My Swordhand Is Singing
- First edition cover
- Author: Marcus Sedgwick
- Language: English
- Genre: Children's
- Publisher: Orion
- Publication date: 26 July 2006
- Publication place: United Kingdom
- Pages: 224
- ISBN: 978-1-84255-183-7
- OCLC: 65469729

= My Swordhand Is Singing =

2006 novel by Marcus Sedgwick

My Swordhand Is Singing is a novel written by Marcus Sedgwick, set in the early 17th century. It won the 2007 Booktrust Teenage Prize. It was also shortlisted for the CILIP Carnegie Medal in 2007. Inspired by the original vampire folklore of Eastern Europe, the novel follows the story of Peter, the son of drunkard woodcutter Tomas, and his life in the seemingly ordinary village of Chust.

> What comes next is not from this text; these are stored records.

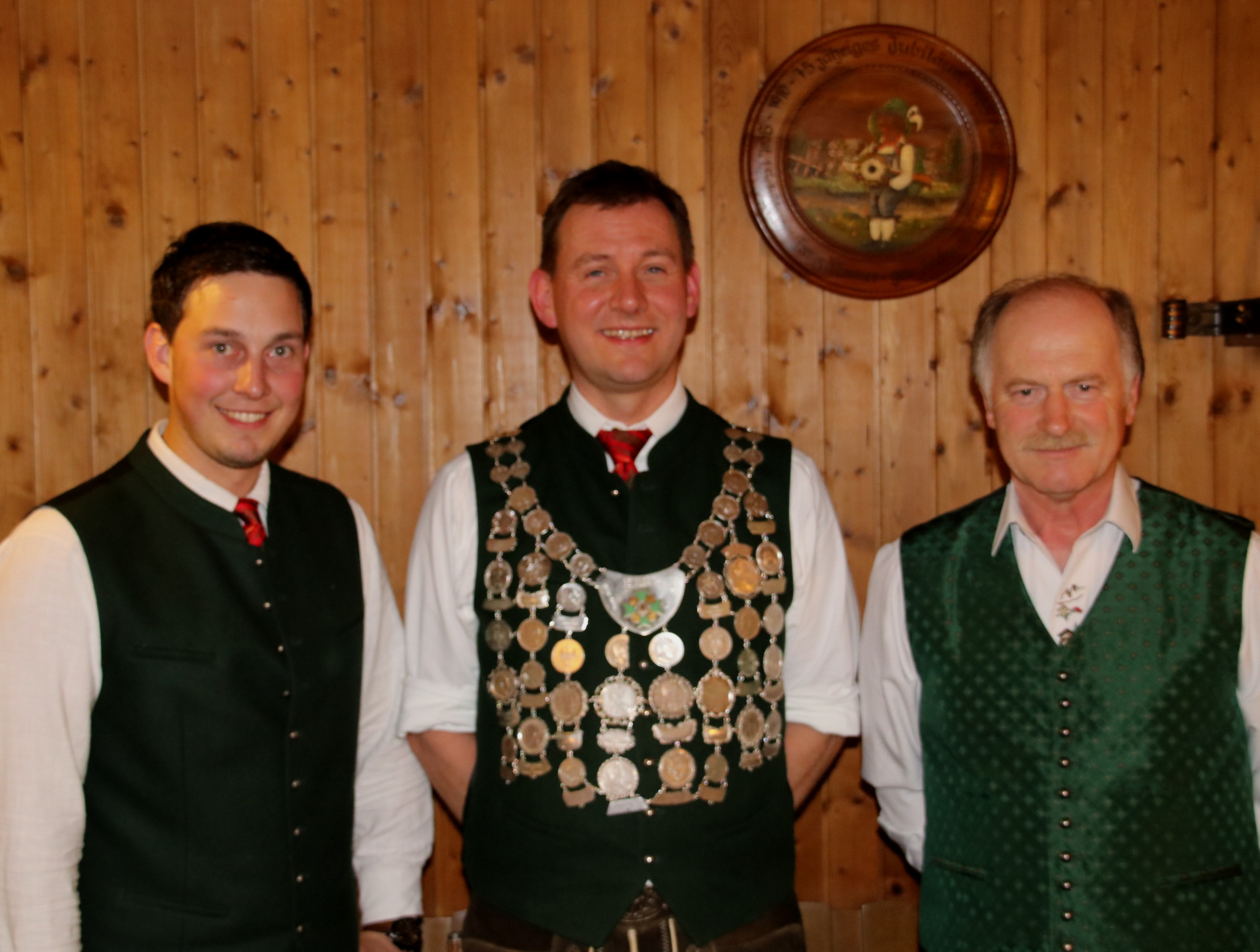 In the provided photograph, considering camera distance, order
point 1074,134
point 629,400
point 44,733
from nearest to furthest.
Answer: point 44,733
point 629,400
point 1074,134

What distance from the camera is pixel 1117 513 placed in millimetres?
1698

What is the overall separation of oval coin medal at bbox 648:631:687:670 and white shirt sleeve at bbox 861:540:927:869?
0.43m

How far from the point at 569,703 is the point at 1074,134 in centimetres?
193

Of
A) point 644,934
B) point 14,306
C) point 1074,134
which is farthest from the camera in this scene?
point 1074,134

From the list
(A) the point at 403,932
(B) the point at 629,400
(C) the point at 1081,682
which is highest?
(B) the point at 629,400

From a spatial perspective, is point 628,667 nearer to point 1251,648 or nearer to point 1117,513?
point 1117,513

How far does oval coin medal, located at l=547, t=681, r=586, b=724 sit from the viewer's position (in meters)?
1.68

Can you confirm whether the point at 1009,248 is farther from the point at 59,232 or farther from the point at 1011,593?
the point at 59,232

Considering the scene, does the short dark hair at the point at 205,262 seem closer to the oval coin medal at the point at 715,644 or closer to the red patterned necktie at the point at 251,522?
the red patterned necktie at the point at 251,522

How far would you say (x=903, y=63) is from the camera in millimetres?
2479

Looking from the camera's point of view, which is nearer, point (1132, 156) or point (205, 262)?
point (205, 262)

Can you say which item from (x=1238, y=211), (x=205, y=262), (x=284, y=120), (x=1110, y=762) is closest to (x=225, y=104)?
(x=284, y=120)

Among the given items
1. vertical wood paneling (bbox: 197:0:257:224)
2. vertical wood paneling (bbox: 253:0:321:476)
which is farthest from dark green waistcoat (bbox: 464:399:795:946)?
vertical wood paneling (bbox: 197:0:257:224)

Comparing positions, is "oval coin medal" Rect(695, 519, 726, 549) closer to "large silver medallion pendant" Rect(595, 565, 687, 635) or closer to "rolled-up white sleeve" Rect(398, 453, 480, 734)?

He and his father travel from place to place, living a nomadic lifestyle. They have been working in Chust for over a year when things start to happen - unexplainable things, but things Tomas seems to know about.

My Swordhand is Singing is a story of loss and redemption, written in the genre of Gothic fiction. For this story, Sedgwick went to various gloomy locations for the inspiration and research for the book. My Swordhand Is Singing was published by Orion Children's Books and is the seventh Sedgewick novel to be published from here.